Wide Image Opportunities Abound in the Tetons!


You can always simply crop a single digital image to “appear to be a panoramic image”, but you’ll be limited on how large you can print it. Cropped images will probably work fine for most web purposes. A 35 megapixel camera like a Nikon D800 gives a few more options in that regard, of course. The purpose of this page is to show how to take a series of individual images that can be “stitched” into a single, large image. Note: Images on this page are resized to fit the page, so click on any of them to see them much larger.


 Pano “Overview”:

To be honest, making panoramic images is surprisingly easy—however it often takes a little planning and a few special steps. When you look out at a scene, your eyes have the ability to “see” a fairly wide area. Most SLR (digital or film) cameras are confined to a 2:3 ratio. For many images, that might be enough, but in the Tetons, you’ll have plenty of opportunities to capture so much more. If you study the group of four images near the top of the page, you can see how simple it can be! Stay level and overlap each shot by about 25%. Back at the computer, the group of parts can be opened and “stitched” with a program like Photoshop.  In theory (and in practice) you “can” simply stand in one spot and handhold the camera to snap off three or four images. In reality, it helps to set the camera on a tripod and make a few simple adjustments to the camera for the series of shots. It is difficult to hand hold a camera dead level over a series of shots. It is also easy to miss the necessary overlaps.
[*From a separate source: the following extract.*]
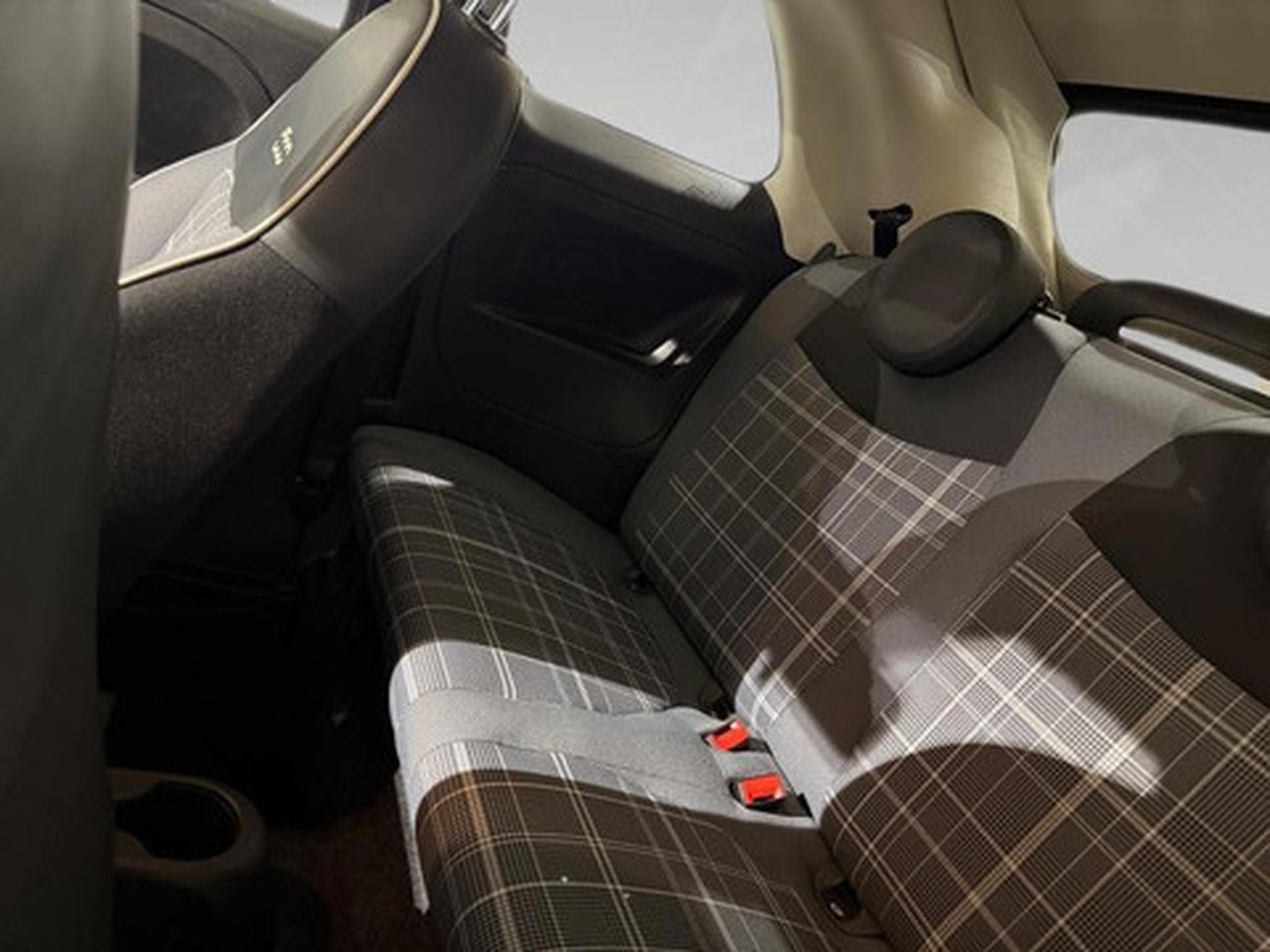 Fiat 500 FIAT 500 C (2019) - Photo 11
The image above was cropped from the four shot stitched pano. I find it easy to shoot extra wide and pick the prime area later. In the case of the Old Patriarch Tree image using all four parts, I didn’t like the way it was centered in the composition. I liked the cropped version much better. Stitched panos offer a lot more options!

Tools & Tips


Get Set Up and Level! : This image shows the level built into the base of my Gitzo tripod. It is possible to level the tripod by adjusting the legs. Third party levels are available for many tripods if yours doesn’t have one.
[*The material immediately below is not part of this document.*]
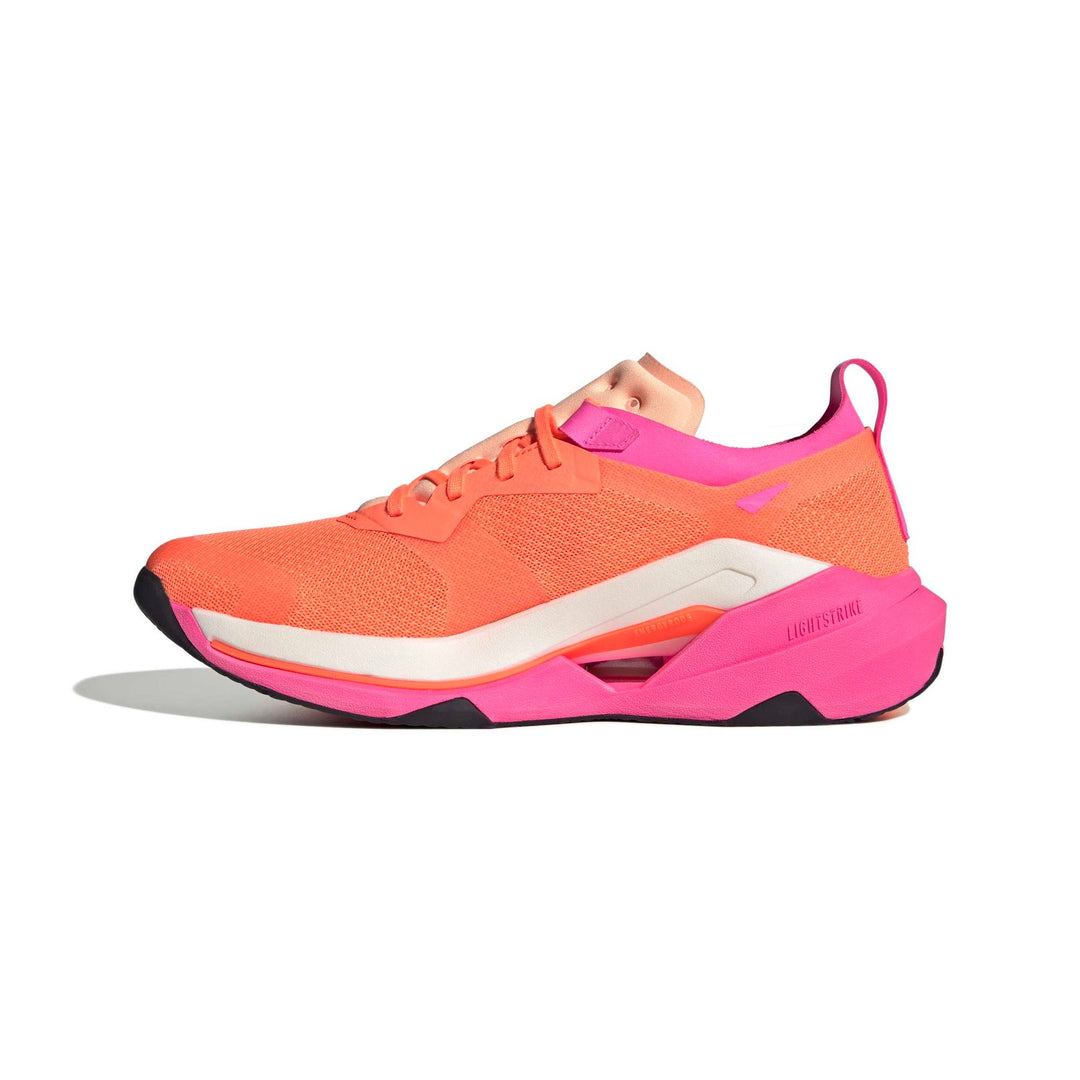 adidas Rapidmove Pro Trainer M - luor/cblack/lucpnk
Spirit Levels sell for around $23. I usually leave it on my D800 for landscape images. This is an “old school” method for leveling the camera using a ball head or other tripod head. Many of the newer cameras now offer a “virtual horizon” feature. I use it when I don’t have the spirit level on the hot shoe, and I have my virtual horizon set as one of the function buttons on the front of the camera for quick access. Once the tripod is level and the camera is level on the head, it is possible to pan the camera maintaining near perfect, level images.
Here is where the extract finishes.